Sono in particolare le parole di Mirarchi – riportante nell’ordinanza firmata dal gip – a gettare luce su un quadro criminale fatto di ombre, legami familiari, spaccio di droga e il controllo capillare di una porzione di territorio come quella della Sud di Catanzaro. Una lunga serie di episodi ricostruiti cronologicamente dal 2007-2008, attraverso la voce di uno dei protagonisti: era lui, infatti, il principale fornitore di droga, facendo riferimento in particolare alla conoscenza di Francesca Martelli detta “Subaru”, compagna di Gianluca Bevilacqua detto “Felice”, figlio di “U Muntanaru”, Fiore, già deceduto. Secondo Mirarchi, inoltre, «erano gli Amato – subentrati nel controllo del narcotraffico sul territorio dopo il suo arresto – a rifornire di stupefacenti anche i “Muntanari” «per uno smercio di cocaina per 300 grammi a settimana». Il gruppo era gestito dal “vecchiarello” Fiore, nonno di Fabio Bevilacqua detto “u figliu da culu e vacca” e padre di Gianluca Bevilacqua». «La preparazione dello stupefacente – sostiene nell’interrogatorio Mirarchi, così come riportato nell’ordinanza – avveniva a casa di Fabio Bevilacqua, la cessione a casa del nonno mentre a casa dell’altra figlia, quella sposata con il fratello di “occhio di buffa”, di cognome Folino, avviene la momentanea detenzione del denaro proveniente dagli acquirenti». «Altri due figli di Fiore spacciano la cocaina nella zona dette “le Poste”. Si tratta in particolare di Felice e dell’altro figlio chiamato “Lupin”, attualmente detenuto».

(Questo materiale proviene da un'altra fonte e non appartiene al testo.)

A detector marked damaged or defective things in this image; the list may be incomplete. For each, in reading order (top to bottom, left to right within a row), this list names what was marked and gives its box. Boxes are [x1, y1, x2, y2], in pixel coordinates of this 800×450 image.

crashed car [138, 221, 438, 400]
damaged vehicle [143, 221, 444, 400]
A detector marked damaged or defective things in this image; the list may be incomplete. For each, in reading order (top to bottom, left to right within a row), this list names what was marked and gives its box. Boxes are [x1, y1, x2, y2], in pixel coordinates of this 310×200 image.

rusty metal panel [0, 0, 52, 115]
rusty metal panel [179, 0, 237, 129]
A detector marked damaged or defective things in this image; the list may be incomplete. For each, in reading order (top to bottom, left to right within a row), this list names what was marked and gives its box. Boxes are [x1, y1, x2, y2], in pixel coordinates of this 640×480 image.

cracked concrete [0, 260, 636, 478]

«I “Diddi” così come i “Muntanari” – precisa nell’interrogatorio reso a luglio del 2016 – trattano mediamente quantità mensili di 700 grammi di cocaina, arrivando però anche a trattare un chilo al mese (…) con riferimento alla famiglia dei “Muntanari” posso dire che la gestione è nelle mani del vecchiarello di nome Fiore (Bevilacqua ndr)». «Marcello Amato – riferisce ancora Mirarchi – riforniva la famiglia rom dei “Muntanari” che a sua volta rivendeva quantità intorno ai 300 grammi ogni due settimane». «(…) in riferimento alle altre famiglie più piccole, io vendevo solo se pagavo in contanti (…) si tratta, questa, del Bosco, di famiglia che lavora piccoli quantitativi di stupefacente e che si rifornisce dove capita». Nel corso dell’interrogatorio, inoltre, Mirarchi fornisce elementi utili anche su Isa Garuja, il quale avrebbe rifornito di droga il sodalizio de “U Muntanaru”, con frequenti viaggi dalla Puglia in Calabria.

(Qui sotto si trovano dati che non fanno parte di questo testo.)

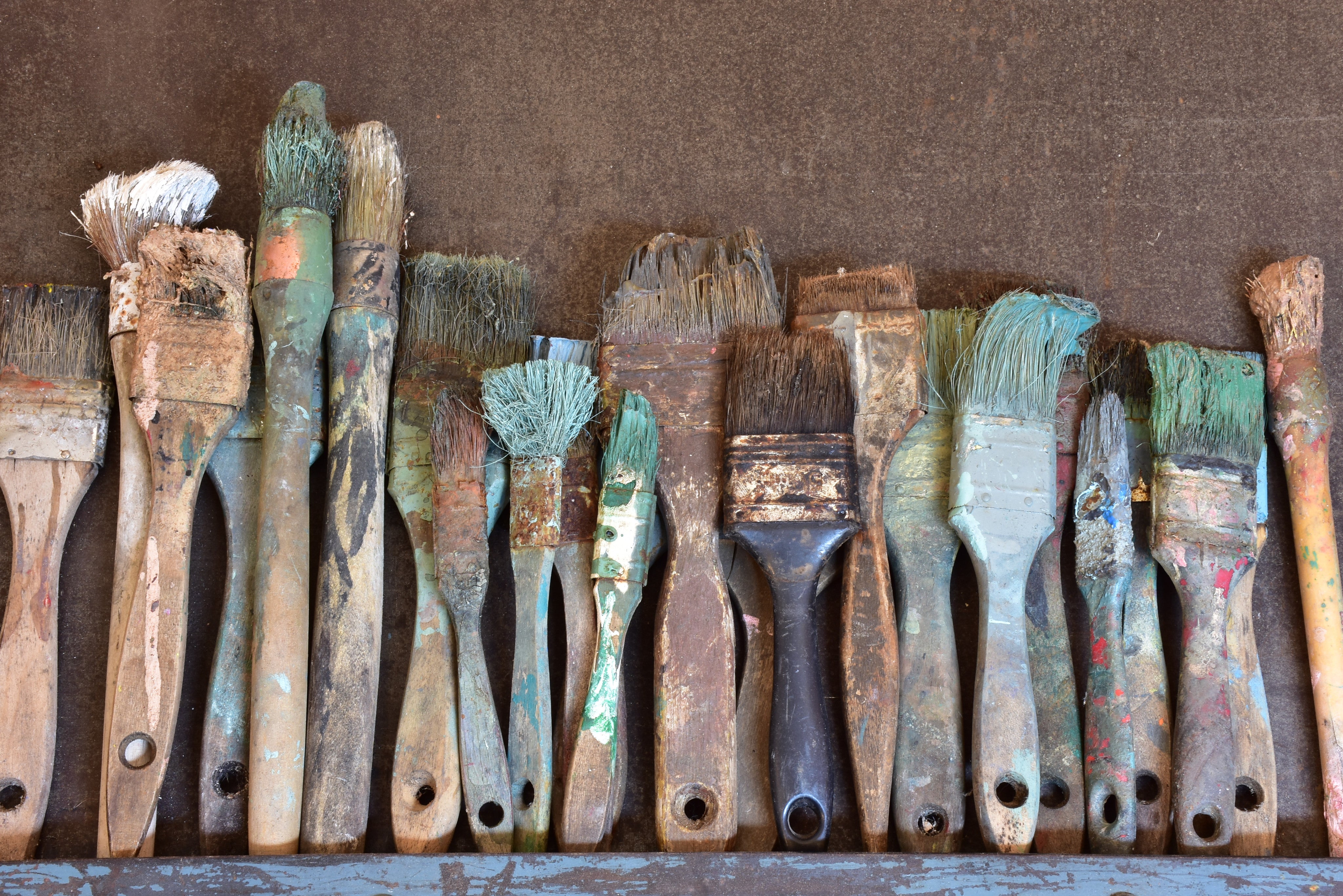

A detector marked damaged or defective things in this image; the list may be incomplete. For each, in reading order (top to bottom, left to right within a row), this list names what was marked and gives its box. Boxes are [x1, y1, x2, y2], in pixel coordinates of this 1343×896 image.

rusty ferrule [0, 376, 113, 467]
rusty ferrule [508, 457, 561, 548]
rusty ferrule [725, 435, 859, 527]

Mirarchi, ma non solo. C’è un altro collaboratore di giustizia che ha fornito importanti elementi investigativi. Si tratta di Vincenzo Sestito, già noto per essere un assuntore di cocaina ed eroina, e che ha deciso di collaborare a giugno del 2019 mentre si trovava ai domiciliari. È lo stesso Sestito a riconoscere come si sia rifornito di droga dai gruppi criminali di etnia rom, dando anche la sua disponibilità allo spaccio e ad assaggiare la qualità degli stupefacenti, così come riportato dal gip nell’ordinanza.

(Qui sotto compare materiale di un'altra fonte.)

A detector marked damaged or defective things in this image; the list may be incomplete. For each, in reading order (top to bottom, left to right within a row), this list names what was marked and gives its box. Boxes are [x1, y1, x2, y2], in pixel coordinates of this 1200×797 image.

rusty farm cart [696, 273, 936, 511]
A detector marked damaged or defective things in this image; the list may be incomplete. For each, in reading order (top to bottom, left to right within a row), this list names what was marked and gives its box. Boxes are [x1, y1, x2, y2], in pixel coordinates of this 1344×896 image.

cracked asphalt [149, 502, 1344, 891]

«(…) fino a 10 anni ho vissuto a Catanzaro Lido e poi ci siamo trasferiti all’Aranceto» afferma nell’interrogatorio Sestito, parlando poi del legame instaurato con Santino Mirarchi. «(…) incontrandomi con lui, conobbi Sebastiano Pelle di San Luca. Sapevo che apparteneva a una famiglia di ‘ndrangheta. Con lui abbiamo stretto i rapporti e ricordo che andammo io e mio fratello a San Luca da lui (…) andai a convivere a Santa Maria e in quel periodo mi rifornivo di droga per uso personale da Caterina Ruga (…) la comperavo anche da Nico Bevilacqua. Successivamente mi sono trasferito a Pistoia (quartiere di Catanzaro ndr) con la mia compagna, lì mi rifornivo da tale Barbanera, dai Gamberi e da Donato “Occhiostorto”, poi mi sono trasferito di nuovo ad Aranceto».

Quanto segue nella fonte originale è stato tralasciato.